Łapcie więc kolejne czytadło, które pewnie szczególnie mocno spodoba się paniom. Katarzynę Wolwowicz poznałem w wersji kryminalnej i tam spodobała mi się chyba bardziej - tu niby mamy jakąś intrygę, jest napięcie, ale szczerze: za dużo wzdychania i trochę to wszystko jakby znajome. Może po prostu kilka thrillerów połknąłem z podobnym motywem - rozgryzania tajemnicy kogoś świeżo poznanego, fascynującego, ukochanego. Choć otoczenie ci mówi: to za szybko, uważaj, on na pewno coś ukrywa, ty widzisz jedynie swoje szczęście i masz ochotę w pełni mu zaufać... On na pewno ci krzywdy nie zrobi?
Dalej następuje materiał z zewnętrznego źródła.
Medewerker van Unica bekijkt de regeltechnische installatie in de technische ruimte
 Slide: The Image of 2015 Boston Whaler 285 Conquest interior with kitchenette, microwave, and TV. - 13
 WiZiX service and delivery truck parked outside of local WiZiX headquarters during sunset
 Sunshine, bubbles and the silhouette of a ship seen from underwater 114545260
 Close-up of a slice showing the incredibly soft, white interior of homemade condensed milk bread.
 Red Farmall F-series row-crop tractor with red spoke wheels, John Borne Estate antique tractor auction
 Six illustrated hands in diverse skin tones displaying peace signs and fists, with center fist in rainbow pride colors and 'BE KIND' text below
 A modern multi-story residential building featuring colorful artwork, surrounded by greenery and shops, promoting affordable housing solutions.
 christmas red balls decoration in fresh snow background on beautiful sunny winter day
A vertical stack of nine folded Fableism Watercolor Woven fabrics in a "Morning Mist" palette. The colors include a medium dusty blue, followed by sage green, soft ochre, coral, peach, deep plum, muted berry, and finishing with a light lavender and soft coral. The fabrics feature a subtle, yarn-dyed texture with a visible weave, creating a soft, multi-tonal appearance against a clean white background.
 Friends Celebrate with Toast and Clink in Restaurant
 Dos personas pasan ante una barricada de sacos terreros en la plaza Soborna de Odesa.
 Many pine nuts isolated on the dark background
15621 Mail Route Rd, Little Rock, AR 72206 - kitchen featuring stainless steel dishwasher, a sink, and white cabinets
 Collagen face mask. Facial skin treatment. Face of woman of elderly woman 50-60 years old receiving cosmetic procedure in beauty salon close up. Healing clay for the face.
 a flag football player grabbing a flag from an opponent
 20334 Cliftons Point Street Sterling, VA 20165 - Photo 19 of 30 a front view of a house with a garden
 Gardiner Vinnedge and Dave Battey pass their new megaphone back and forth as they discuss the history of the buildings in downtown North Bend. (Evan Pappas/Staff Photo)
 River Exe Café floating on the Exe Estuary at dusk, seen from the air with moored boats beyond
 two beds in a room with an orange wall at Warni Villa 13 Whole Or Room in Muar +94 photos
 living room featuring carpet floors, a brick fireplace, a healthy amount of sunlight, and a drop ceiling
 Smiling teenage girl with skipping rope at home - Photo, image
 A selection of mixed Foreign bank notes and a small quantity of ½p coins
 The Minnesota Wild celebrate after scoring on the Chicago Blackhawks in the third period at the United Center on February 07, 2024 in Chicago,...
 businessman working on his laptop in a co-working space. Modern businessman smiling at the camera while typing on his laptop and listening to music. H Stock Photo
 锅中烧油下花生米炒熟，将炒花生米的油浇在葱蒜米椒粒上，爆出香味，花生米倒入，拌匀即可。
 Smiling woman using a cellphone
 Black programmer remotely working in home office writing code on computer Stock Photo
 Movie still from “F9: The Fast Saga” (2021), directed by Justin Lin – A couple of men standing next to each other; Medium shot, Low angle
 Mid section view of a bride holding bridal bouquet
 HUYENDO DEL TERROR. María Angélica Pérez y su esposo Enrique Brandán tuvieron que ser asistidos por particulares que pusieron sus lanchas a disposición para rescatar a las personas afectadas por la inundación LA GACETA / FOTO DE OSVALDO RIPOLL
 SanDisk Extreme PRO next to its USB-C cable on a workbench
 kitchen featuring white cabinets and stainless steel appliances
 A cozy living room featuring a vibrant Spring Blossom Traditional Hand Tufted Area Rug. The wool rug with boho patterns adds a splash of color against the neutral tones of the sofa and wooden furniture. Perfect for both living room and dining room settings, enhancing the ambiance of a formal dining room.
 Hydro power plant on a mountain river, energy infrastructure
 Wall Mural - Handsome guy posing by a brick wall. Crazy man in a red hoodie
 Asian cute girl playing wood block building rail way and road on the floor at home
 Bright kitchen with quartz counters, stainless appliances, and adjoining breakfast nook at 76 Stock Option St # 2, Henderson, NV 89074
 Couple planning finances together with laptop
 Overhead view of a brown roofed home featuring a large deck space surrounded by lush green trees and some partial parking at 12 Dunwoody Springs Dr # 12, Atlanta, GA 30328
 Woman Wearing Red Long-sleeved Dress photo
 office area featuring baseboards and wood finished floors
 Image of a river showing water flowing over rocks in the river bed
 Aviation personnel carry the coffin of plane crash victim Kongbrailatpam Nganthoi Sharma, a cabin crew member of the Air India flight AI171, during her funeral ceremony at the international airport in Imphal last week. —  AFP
A może jednak? Czemu kontroluje? Czemu zdarzają się wokół was jakieś dziwne historie i czujesz rosnące zagrożenie i własny strach. Gdy tylko na chwilę znika, czujesz niepokój, a w dodatku dowiadujesz się, że nie mówi ci całej prawdy.
Ideał? Czy jednak zagrożenie? Balansując zgrabnie swoją bohaterką i jej emocjami Wolwowicz wprowadza fajny nastrój, nie dajcie się jednak zwieźć swoim pierwszym podejrzeniom - czeka Was tu kilka niespodzianek. Jeżeli więc lubicie thrillery psychologiczne i sporą dawkę wątku romansowego, pewnie nie będziecie zawiedzeni. Czyta się szybko i całkiem przyjemnie, a budowane napięcie sprawia, że ciekawość nie pozwala odłożyć lektury.
Przewrażliwienie? Urojenia? Czy może jednak mamy do czynienia z realnym zagrożeniem, genialnie prowadzoną manipulacją? Sprawdź sam, a może będziesz ostrożniej podchodzić do błyskawicznie zawieranych znajomości i szybkich decyzji, by związki takie wprowadzać błyskawicznie na kolejne etapy rozwoju. Żeby potem nie żałować. Wycofać się bowiem dużo trudniej.